A gem. The chapters work together beautifully to build up a sophisticated understanding of indigenism in Brazil. . . . Ramos provides vivid detail and anecdote, but also writes in a way that links the ‘indigenous culture wars’ of Brazil in the 1980s and 1990s to battles over citizenship and cultural difference in many parts of the world.”
—Jane L. Collins, University of Wisconsin–Madison

Indigenous people comprise only 0.2% of Brazil’s population, yet occupy a prominent role in the nation’s consciousness. In her important and passionate new book, anthropologist Alcida Ramos explains this irony, exploring Indian and non-Indian attitudes about interethnic relations. Ramos contends that imagery about indigenous people reflects an ambivalence Brazil has about itself as a nation, for Indians reveal Brazilians’ contradiction between their pride in ethnic pluralism and desire for national homogeneity.
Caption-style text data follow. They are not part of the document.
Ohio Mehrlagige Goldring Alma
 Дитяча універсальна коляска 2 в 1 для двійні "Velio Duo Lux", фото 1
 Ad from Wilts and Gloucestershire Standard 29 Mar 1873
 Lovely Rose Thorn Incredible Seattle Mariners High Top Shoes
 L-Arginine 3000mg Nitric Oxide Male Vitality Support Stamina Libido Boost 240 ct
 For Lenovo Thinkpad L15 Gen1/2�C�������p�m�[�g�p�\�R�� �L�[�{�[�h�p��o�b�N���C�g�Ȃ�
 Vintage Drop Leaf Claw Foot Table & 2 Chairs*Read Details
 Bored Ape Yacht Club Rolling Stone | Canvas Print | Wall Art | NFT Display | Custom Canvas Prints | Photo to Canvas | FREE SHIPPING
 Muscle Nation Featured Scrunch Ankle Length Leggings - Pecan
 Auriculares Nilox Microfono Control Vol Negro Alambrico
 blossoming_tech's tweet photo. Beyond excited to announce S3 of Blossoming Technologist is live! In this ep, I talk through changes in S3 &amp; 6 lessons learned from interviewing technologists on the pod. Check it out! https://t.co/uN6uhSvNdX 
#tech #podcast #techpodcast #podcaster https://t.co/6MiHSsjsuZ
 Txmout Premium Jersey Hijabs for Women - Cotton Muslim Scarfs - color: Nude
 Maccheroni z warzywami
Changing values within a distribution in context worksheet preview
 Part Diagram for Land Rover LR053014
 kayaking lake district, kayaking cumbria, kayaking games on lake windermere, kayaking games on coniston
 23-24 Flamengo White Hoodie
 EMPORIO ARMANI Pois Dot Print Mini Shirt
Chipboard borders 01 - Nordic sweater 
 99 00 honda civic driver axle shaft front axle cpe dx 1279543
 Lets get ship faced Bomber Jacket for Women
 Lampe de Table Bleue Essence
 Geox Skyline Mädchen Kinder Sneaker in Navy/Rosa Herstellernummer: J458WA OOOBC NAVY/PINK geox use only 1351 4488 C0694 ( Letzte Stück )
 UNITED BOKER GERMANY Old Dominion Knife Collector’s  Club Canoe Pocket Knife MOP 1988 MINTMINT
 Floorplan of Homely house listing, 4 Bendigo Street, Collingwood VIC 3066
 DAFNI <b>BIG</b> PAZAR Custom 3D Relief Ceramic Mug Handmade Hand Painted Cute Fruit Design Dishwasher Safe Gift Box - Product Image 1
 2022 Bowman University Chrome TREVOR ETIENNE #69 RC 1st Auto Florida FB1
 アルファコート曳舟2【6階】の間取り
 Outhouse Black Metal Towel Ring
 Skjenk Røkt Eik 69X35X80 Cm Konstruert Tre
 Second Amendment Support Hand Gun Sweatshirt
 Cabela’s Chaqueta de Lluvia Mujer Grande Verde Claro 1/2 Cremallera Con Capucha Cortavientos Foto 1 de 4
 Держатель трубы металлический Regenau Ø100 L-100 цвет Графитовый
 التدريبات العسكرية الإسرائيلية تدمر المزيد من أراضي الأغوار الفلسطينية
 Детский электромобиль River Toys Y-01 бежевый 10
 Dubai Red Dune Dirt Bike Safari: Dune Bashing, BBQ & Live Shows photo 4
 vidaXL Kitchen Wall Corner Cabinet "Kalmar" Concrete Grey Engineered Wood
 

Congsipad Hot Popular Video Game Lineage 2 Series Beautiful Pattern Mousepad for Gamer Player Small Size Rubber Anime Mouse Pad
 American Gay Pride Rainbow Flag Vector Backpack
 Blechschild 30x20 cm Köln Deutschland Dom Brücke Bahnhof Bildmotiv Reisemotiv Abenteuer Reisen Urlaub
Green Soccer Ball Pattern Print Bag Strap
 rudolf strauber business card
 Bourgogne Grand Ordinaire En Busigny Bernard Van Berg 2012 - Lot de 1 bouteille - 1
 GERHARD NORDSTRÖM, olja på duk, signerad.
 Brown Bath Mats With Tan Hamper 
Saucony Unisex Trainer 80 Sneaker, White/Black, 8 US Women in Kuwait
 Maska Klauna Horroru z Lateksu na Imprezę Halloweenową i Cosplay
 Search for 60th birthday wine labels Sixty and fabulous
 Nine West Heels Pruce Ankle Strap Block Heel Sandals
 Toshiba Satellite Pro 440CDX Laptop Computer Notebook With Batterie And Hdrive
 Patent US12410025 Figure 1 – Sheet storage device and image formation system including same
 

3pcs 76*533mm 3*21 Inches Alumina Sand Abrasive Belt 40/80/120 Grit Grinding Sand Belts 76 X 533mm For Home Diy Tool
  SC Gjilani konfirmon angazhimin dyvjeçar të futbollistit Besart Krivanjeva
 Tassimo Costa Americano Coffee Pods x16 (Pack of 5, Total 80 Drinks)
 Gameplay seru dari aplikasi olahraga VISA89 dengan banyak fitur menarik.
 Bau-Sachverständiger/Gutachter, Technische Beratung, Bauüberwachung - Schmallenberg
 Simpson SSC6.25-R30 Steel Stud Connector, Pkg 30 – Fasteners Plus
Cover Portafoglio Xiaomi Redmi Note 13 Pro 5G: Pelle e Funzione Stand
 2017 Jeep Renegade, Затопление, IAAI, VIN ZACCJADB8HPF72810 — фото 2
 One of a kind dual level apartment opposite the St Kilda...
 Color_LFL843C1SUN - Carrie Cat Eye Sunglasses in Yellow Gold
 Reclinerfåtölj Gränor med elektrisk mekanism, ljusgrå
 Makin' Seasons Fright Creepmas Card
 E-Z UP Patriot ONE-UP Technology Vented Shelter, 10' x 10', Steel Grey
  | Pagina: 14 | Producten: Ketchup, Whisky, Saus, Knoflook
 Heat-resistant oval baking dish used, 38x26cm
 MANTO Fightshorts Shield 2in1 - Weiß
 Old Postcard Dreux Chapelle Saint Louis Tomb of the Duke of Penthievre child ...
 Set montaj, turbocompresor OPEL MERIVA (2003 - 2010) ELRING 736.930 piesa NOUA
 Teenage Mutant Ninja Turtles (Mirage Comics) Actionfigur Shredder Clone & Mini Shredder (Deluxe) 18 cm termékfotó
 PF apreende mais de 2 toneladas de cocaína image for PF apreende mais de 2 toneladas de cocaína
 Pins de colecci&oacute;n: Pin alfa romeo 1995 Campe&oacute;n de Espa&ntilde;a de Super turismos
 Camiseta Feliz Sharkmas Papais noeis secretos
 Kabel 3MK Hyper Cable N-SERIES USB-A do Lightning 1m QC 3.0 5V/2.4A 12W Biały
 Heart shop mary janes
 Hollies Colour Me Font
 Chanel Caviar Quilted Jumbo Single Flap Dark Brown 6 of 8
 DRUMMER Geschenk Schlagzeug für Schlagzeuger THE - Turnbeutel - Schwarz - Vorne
Based on her more than thirty years of fieldwork and activism on behalf of the Yanomami Indians, Ramos explains the complex ideology called indigenism. She evaluates its meaning through the relations of Brazilian Indians with religious and lay institutions, non-governmental organizations, official agencies such as the National Indian Foundation as well as the very discipline of anthropology. Ramos not only examines the imagery created by Brazilians of European descent—members of the Catholic church, government officials, the army and the state agency for Indian affairs—she also scrutinizes Indians’ own self portrayals used in defending their ethnic rights against the Brazilian state.

Ramos’ thoughtful and complete analysis of the relation between indigenous people of Brazil and the state will be of great interest to lawmakers and political theorists, environmental and civil rights activists, developmental specialists and policymakers, and those concerned with human rights in Latin America.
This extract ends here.